Referring to fig. 6, fig. 6 is a schematic diagram of an apparatus for identifying an object type according to an embodiment of the present application. The device 600 for identifying the object type may be a mobile terminal such as a smart phone, a tablet computer, etc. The apparatus 600 for identifying an object type according to the present embodiment includes units for performing the steps in the embodiment corresponding to fig. 1, and refer to fig. 1 and the related description in the embodiment corresponding to fig. 1, which are not repeated herein.
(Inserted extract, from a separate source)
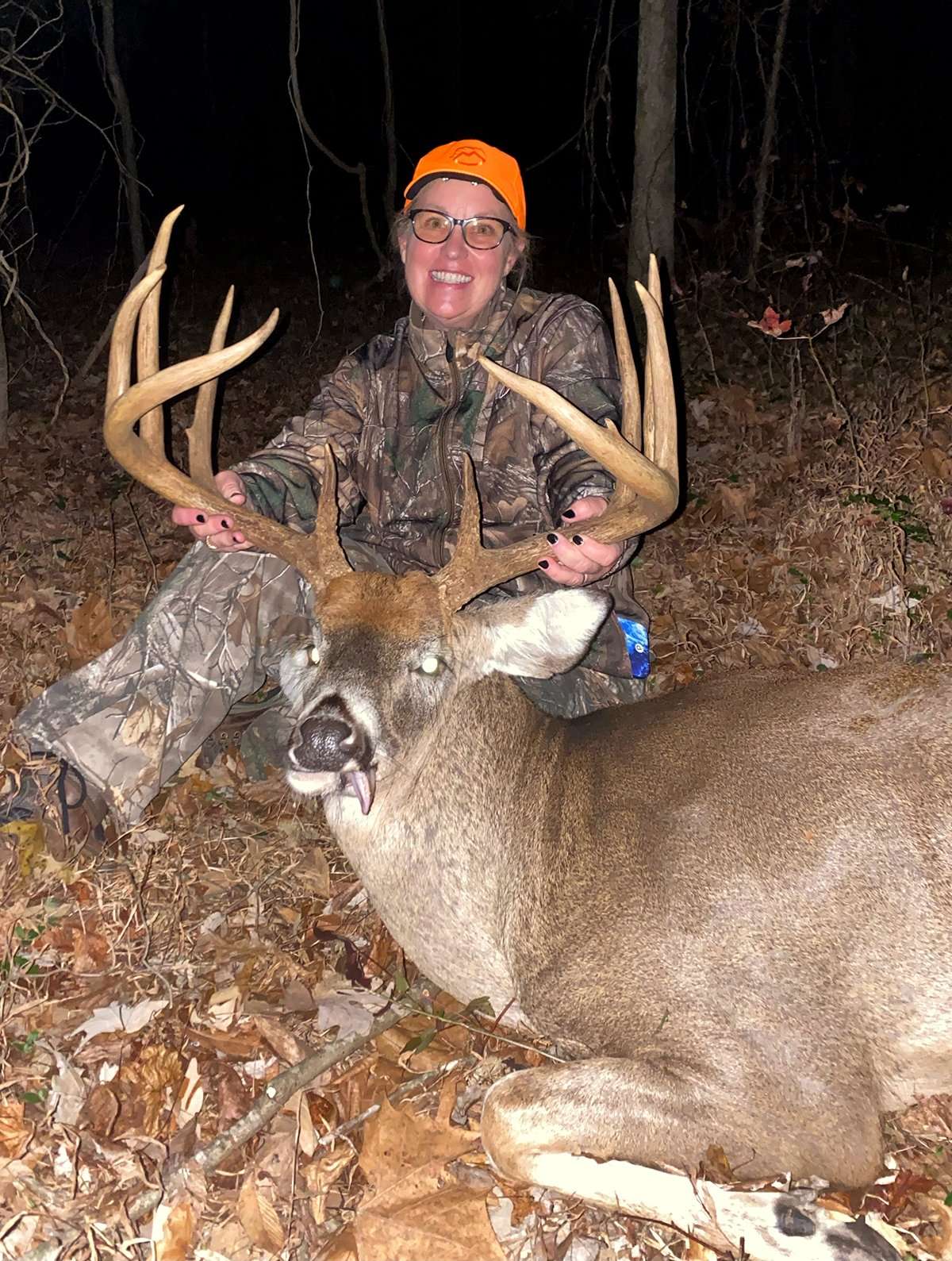 Thinking she had taken a nice 8 they had seen on cam, Nielsen was shocked to see her buck. Thinking she had taken a nice 8 they had seen on cam, Nielsen was shocked to see her buck.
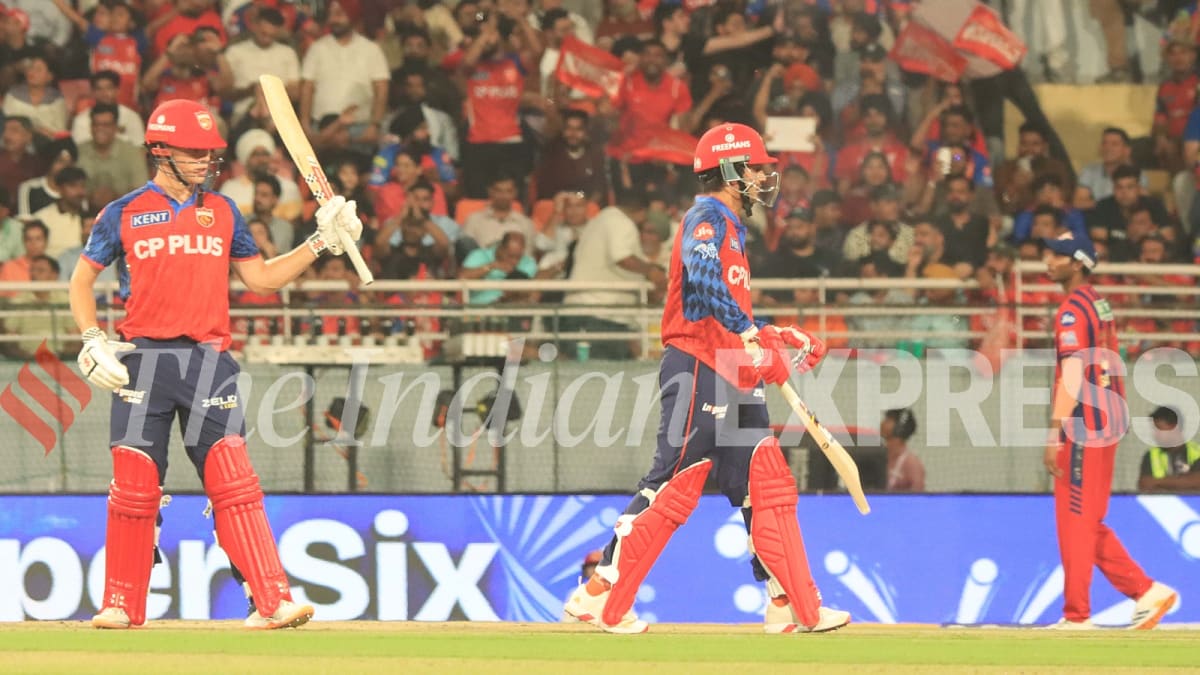 ** Punjab Kings batsmen Priyansh Arya and Cooper Connolly celebrating during explosive partnership against Lucknow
The apparatus 600 for identifying an object type of the present embodiment includes: the first matrix unit 601 is configured to input an image to be identified into a cascade network formed by at least two backbone networks, so as to obtain a first matrix corresponding to a target object in the image; a second matrix unit 602, configured to input the first matrix into a candidate area network, and obtain a second matrix corresponding to a candidate frame feature map in the first matrix by means of feature clustering; a third matrix unit 603, configured to perform interest-based pooling processing on the second matrix, to obtain a third matrix; the feature map unit 604 is configured to perform full connection and activation processing on the third matrix, so as to obtain a feature map corresponding to the target object; an identifying unit 605 is configured to identify the type of the target object based on the feature map.

In an embodiment of the present application, the apparatus 600 further includes: a size acquisition unit for acquiring the size of the image to be identified; and the size adjusting unit is used for adjusting the size of the image to be identified based on the size and the set size to obtain the adjusted image to be identified.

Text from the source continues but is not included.